» **Exercise goal**
Only an exact repeat of the listing, without its images, counts as the answer.

» **Material provided**
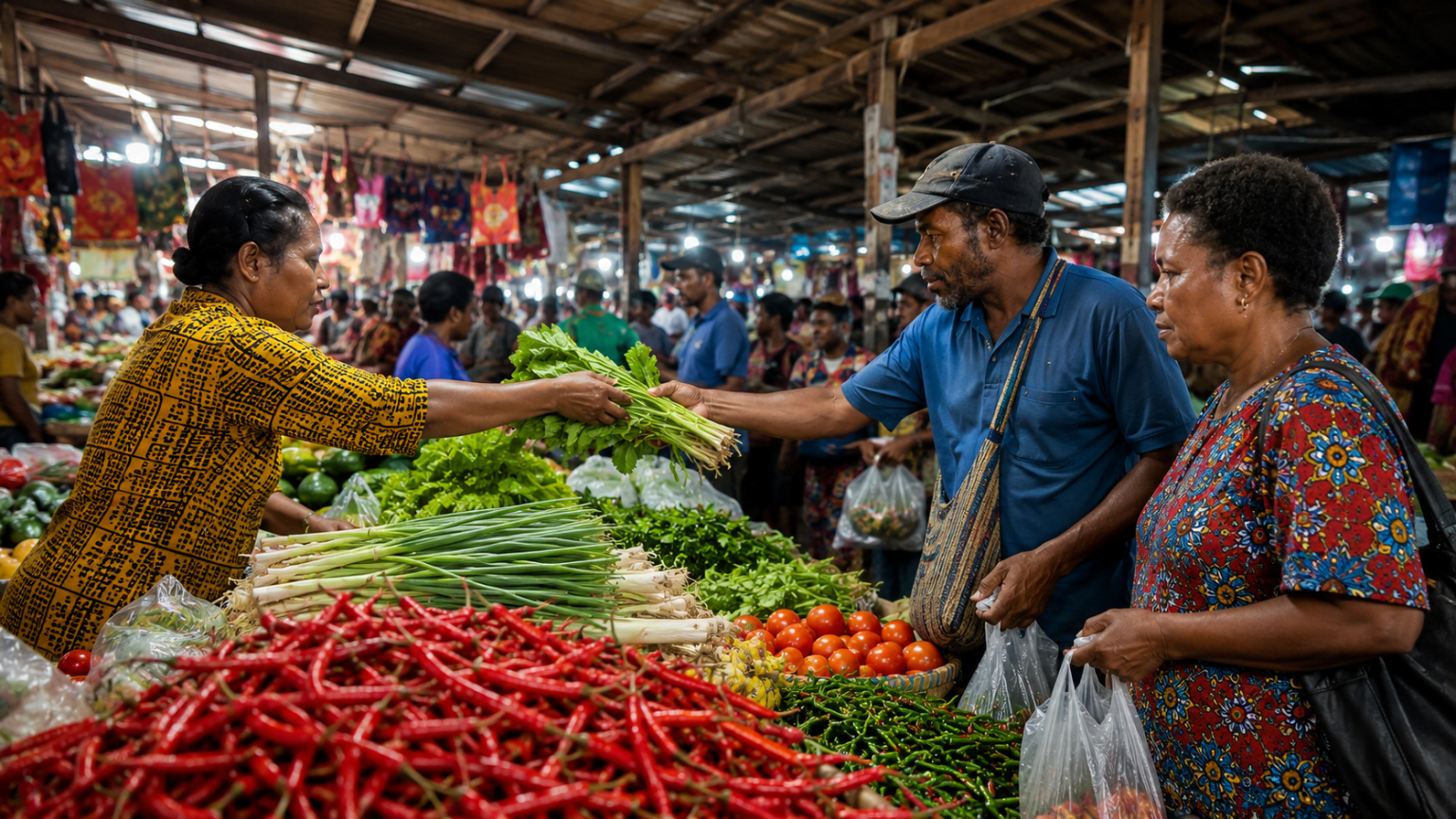 Aktivitas jual beli kebutuhan pangan di salah satu pasar tradisional di Papua. Stabilitas harga bahan pangan menjadi perhatian pemerintah daerah dan Bank Indonesia melalui berbagai langkah pengendalian inflasi. (Foto: HarianTerbaruPapua.com)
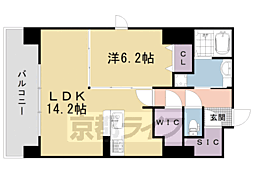 attrice太秦天神川 1LDKの間取図画像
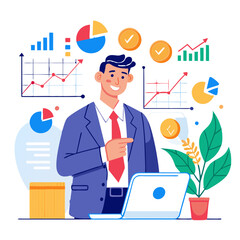 Poster - A sales manager reviews market trends and adjusts strategies while standing by a laptop. Charts and graphs illustrate key data points, showcasing analytical skills in a bright office environment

» **Output for this exercise**
 Aktivitas jual beli kebutuhan pangan di salah satu pasar tradisional di Papua. Stabilitas harga bahan pangan menjadi perhatian pemerintah daerah dan Bank Indonesia melalui berbagai langkah pengendalian inflasi. (Foto: HarianTerbaruPapua.com)
 attrice太秦天神川 1LDKの間取図画像
 Poster - A sales manager reviews market trends and adjusts strategies while standing by a laptop. Charts and graphs illustrate key data points, showcasing analytical skills in a bright office environment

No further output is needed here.